C AMBODIA'S cautious approach into ASEAN, initially as an observing "apprentice",

is the right one to take, according to academics in the region.

They warn

that just because ASEAN will soon be a bigger "family", that doesn't mean its

always going to be a happy one.

In addition to the seven full ASEAN

members (Indonesia, Malaysia, Singapore, the Philippines, Thailand, Brunei and

now Vietnam), Laos is a fellow observer and Canada, Australia, the European

Union, South Korea, Japan, the United States, China and New Zealand are

"dialogue partners". Papua New Guinea has also signed the critical ASEAN Treaty

of Amity and Cooperation in Southeast Asia (TACSEA).

Cambodia realizes it

has much to do before making meaningful political and economic contributions to

the high-powered group.

But the very presence of Cambodia - and Vietnam -

in an expanded ASEAN will alter the dynamics of an economically powerful

region.

The biggest question mark is the "Chinese factor", as argued at a

forum in Phnom Penh in June by Dr Sorpong Peou, of Singapore's Canada-ASEAN

Center.

Dr Peou said that despite never having publicly objected to

Cambodia's integration into ASEAN, China had "legitimate" reasons to be

wary.

In the past China was "paranoid" about Vietnam trying to build up a

special relationship with Cambodia to keep China at bay, he said.

Dr Peou

said that despite Vietnam seeking better relations with China, it had also

searched for "new friends" such as the United States and ASEAN.

The

United States' own relations with China are presently at a low ebb following the

Taiwanese President's visit last month, and Washington recently normalizing

relations with Hanoi.

ASEAN, meanwhile, had historically leaned heavily

toward the Western capitalist bloc of the US, the EC and Japan - at least till

1991 - and was anti-communist, said Singapore University's senior political

lecturer, Dr Bilveer Singh.

Dr Peou said: "What all this suggests is that

in the eyes of China, Vietnam's moves to join ASEAN and to build normal

relations with the United States could be perceived as a means to contain

China."

Dr Peou said that in December 1994 Chinese representative Ji

Guoxing warned the six ASEAN members that "Vietnam is playing the international

card" in reference to their Spratley Islands dispute.

"In (Guoxing's)

view, 'China doesn't want to see the occurrence of such a situation that Vietnam

unites with ASEAN countries to deal with China in common.

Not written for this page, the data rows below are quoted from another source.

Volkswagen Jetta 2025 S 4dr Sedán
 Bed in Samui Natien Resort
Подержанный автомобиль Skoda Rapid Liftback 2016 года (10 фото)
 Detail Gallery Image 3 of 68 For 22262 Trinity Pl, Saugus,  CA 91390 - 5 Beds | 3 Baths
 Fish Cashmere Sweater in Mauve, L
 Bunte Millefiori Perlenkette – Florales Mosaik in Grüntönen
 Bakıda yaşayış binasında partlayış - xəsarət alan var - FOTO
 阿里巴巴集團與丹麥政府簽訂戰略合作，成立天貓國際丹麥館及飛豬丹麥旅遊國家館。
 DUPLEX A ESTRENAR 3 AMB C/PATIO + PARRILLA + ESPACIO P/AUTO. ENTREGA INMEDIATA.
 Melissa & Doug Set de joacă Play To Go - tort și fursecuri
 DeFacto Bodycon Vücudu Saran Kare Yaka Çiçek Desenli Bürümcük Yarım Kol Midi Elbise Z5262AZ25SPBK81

So it is better for

ASEAN to be cautious in satisfying Vietnam's demands in this

regard'."

Put in this context, Dr Peou said, Cambodia's desire to join

ASEAN "may not be very pleasing to China".

"Historically, China has

always viewed (Cambodia) as an effective check on Vietnam's expansionism and as

a counter-weight to (Vietnam's) challenge to (Chinese) authority in the

region."

"... an expanded ASEAN with both Vietnam and Cambodia as members

would no doubt add to China's long-term anxieties and

apprehension."

Preah Sihanouk Raj Academy Vice President Thach Bunroeun

said Cambodia had historically relied on the support of at least one outside

power "and China is still our friend."

Dr Bunroeun said: "Vietnam will no

longer be speaking as Vietnam but as a member of ASEAN."

However, Dr Peou

- though pointing out that Cambodia relies heavily on foreign economic aid -

said that Cambodia must lose that dependence on "one great power" in favor of a

regional ASEAN "shield".

Dr Peou said that China would not try to

prevent Cambodia from joining ASEAN, however. "First and foremost, Beijing is

more interested in peace and stability inside Cambodia than seeing it in a

volatile situation. China has been... consistent in arguing that Cambodia should

be left alone to decide its own destiny," he said.

Chinese Foreign

Minister Qian Qichen had told Prince Norodom Sirivudh, who was then Cambodian

Foreign Minister, that China did not challenge any development in Cambodia's

relationship with foreign countries.

Secondly, Dr Peou said, it was

unlikely that ASEAN members could become "structurally cohesive" to "gang up on

China". Beijing was not "blind to the political realities exhibited by the...

intra-mural tensions between ASEAN members," he said.

Third, Dr Peou said

that China was more interested in building closer relations with ASEAN, for fear

of actually driving the group into collective action.

ASEAN was also

China's fifth largest trading partner, and Sino-ASEAN trade is set to double to

$20 billion by 2000.

"If China can pass the test of sincerity in its

professed commitment to the policy of peaceful co-existence by not militarily

threatening any of the ASEAN states, an expanded ASEAN would not pose a credible

challenge to its regional power status," Dr Peou said.

However, with the

"realignment of forces not taking a predictable shape, it is imperative that a

territorially irredentist China's geo-strategic interests be identified and

studied more carefully," he said.

Many Asian states are building up their

navies to deal with overlapping maritime claims, and "several Asian states may

be compelled to pursue a policy that will serve their own national security

interests at the expense of common security," Dr Peou said.

ASEAN

"dialogue members" all supported an expanded ASEAN, and would therefore welcome

Cambodia's signature.

"An expanded ASEAN may not be readily translated

to mean that Asia will soon become a 'common village' or 'one happy family'

where all fellow members can share the joy of harmonious relations," Dr Peou

said.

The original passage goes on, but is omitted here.